» TASK OBJECTIVE: Copy out exactly, and only, the lines from the one containing "dog smile pug cute 6 cm round badge (Front)" through the end of the entries. No pictures.

(Captioned web image data)

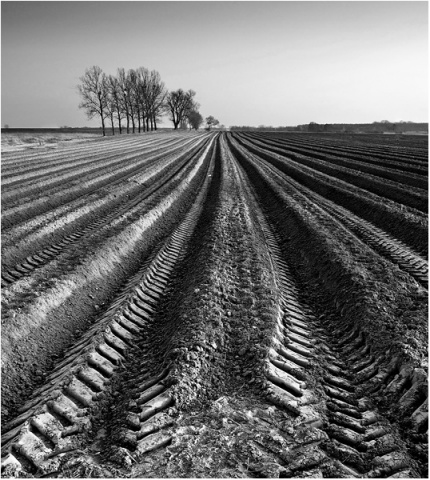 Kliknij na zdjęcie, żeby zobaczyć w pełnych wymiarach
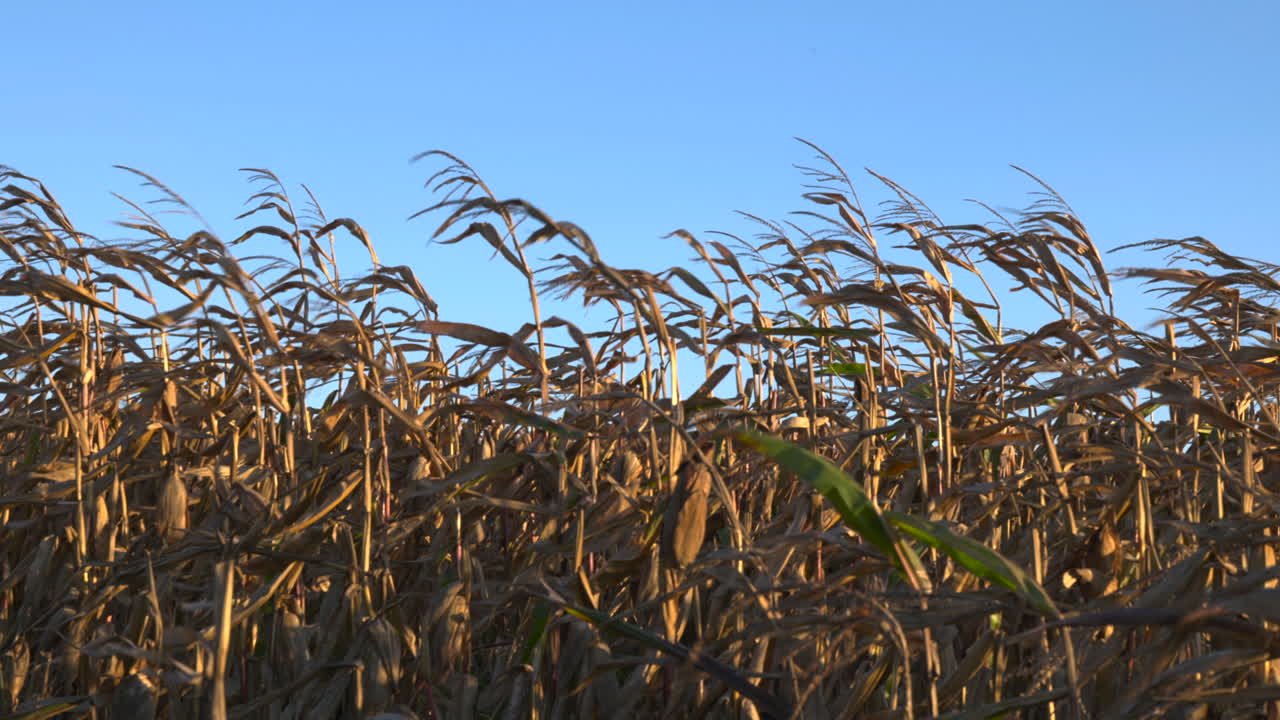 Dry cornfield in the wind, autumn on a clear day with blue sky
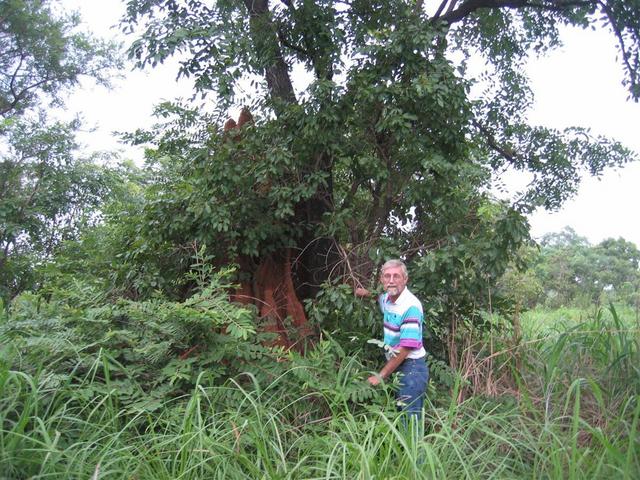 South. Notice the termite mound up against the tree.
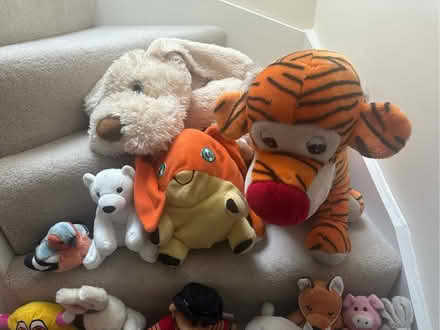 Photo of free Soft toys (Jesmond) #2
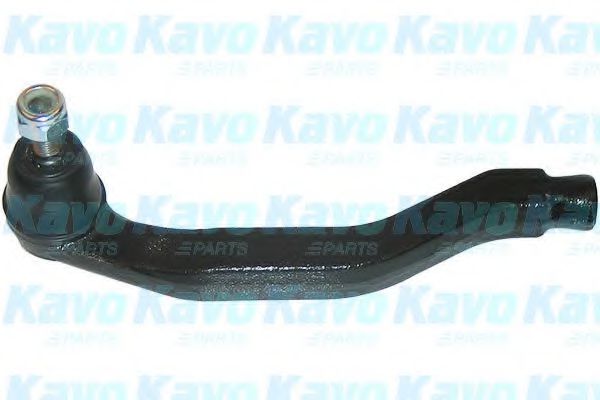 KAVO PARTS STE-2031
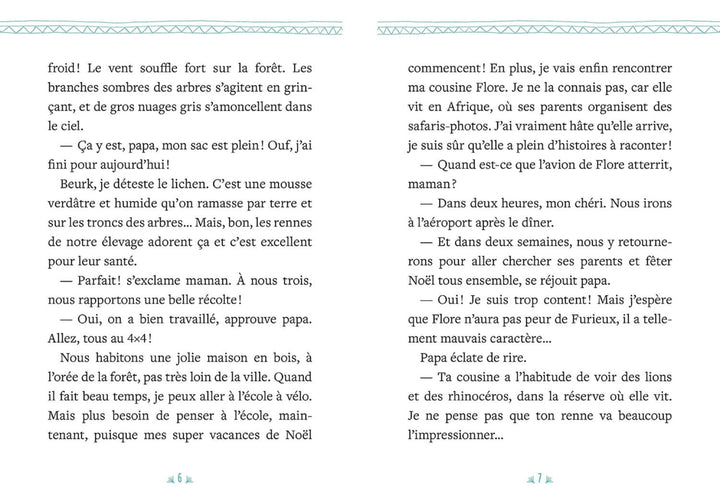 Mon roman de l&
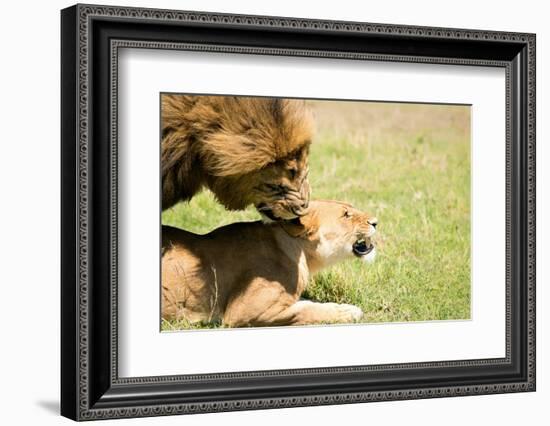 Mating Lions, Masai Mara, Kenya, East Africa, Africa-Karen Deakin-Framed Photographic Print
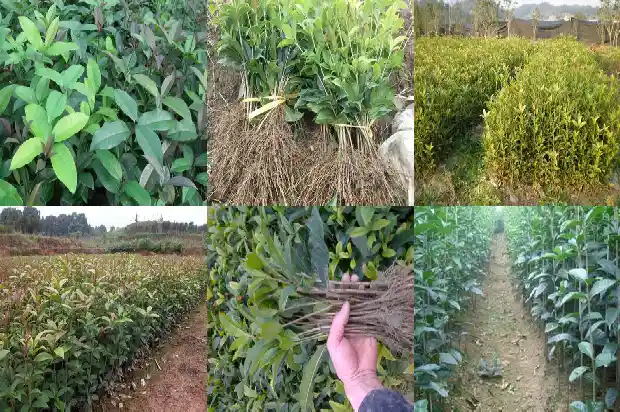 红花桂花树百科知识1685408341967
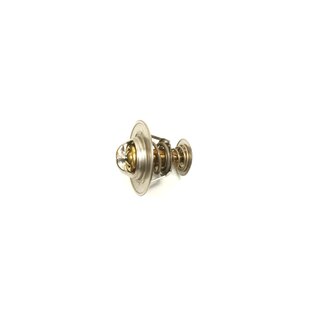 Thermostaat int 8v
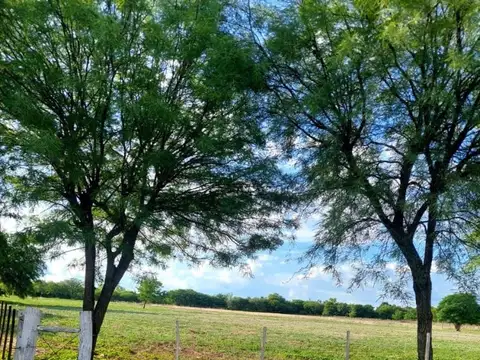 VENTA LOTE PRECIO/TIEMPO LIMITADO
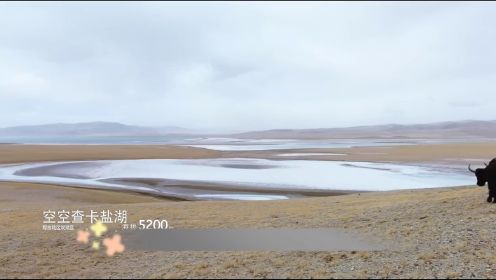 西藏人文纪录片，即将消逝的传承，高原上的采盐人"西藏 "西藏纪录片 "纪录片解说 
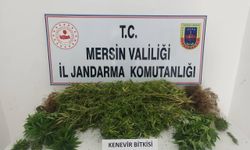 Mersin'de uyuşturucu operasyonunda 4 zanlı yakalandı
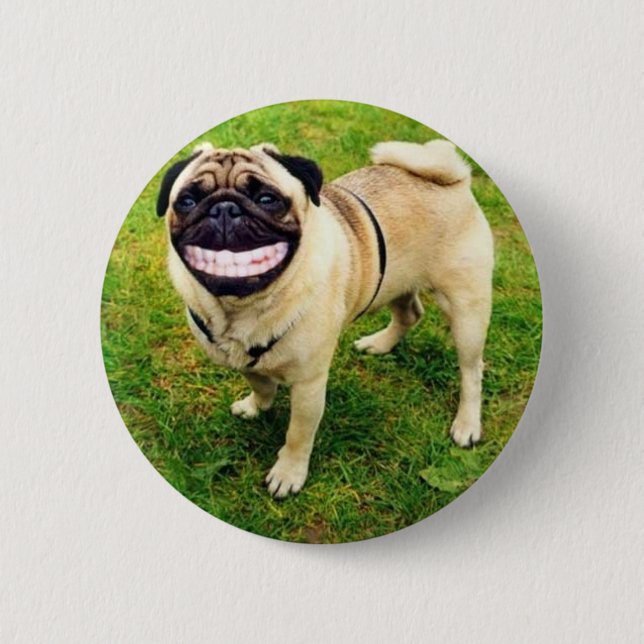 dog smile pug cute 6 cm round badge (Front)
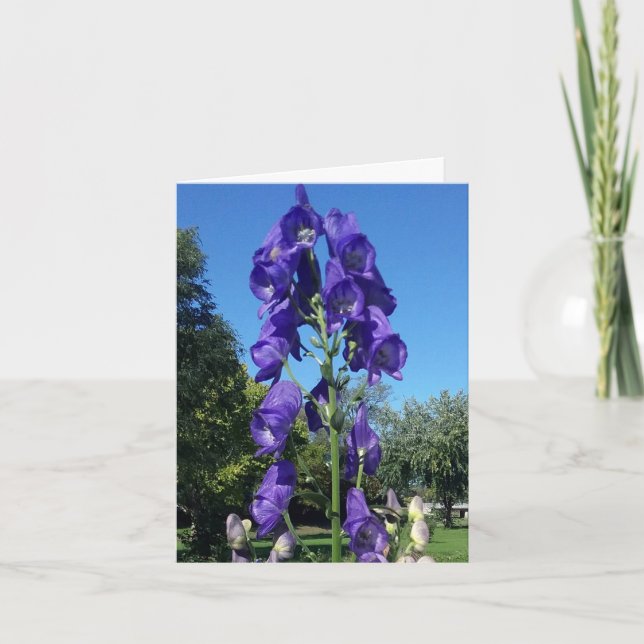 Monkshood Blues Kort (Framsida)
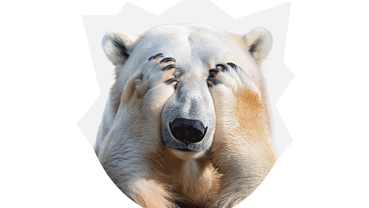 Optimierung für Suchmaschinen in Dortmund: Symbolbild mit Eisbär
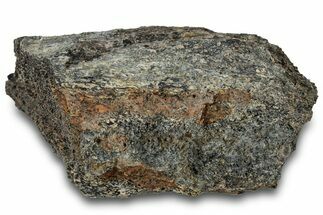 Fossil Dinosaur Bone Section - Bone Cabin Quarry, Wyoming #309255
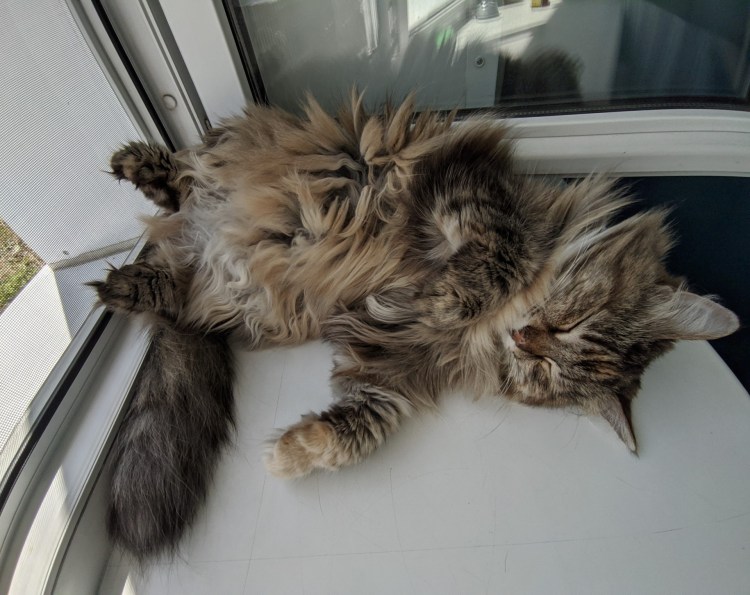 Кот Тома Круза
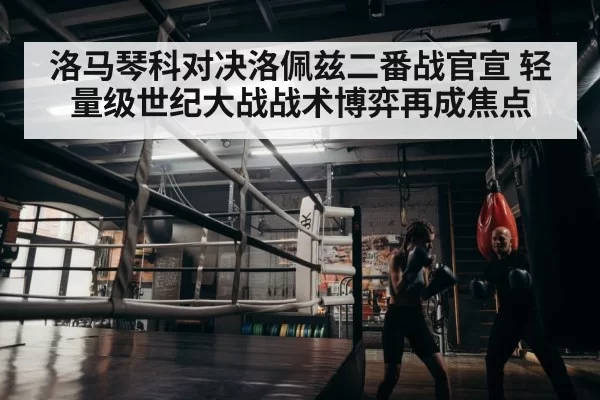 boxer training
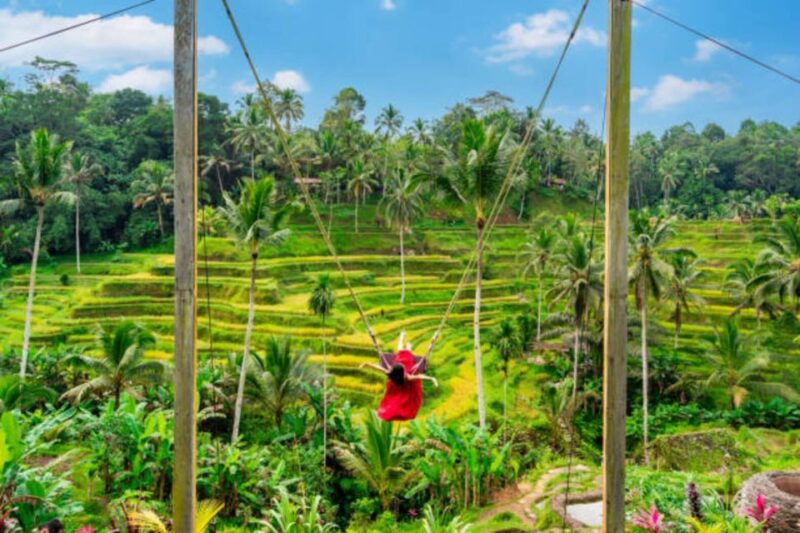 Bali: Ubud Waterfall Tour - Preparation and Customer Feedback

» SOLUTION FOR THIS TASK:
 dog smile pug cute 6 cm round badge (Front)
 Monkshood Blues Kort (Framsida)
 Optimierung für Suchmaschinen in Dortmund: Symbolbild mit Eisbär
 Fossil Dinosaur Bone Section - Bone Cabin Quarry, Wyoming #309255
 Кот Тома Круза
 boxer training
 Bali: Ubud Waterfall Tour - Preparation and Customer Feedback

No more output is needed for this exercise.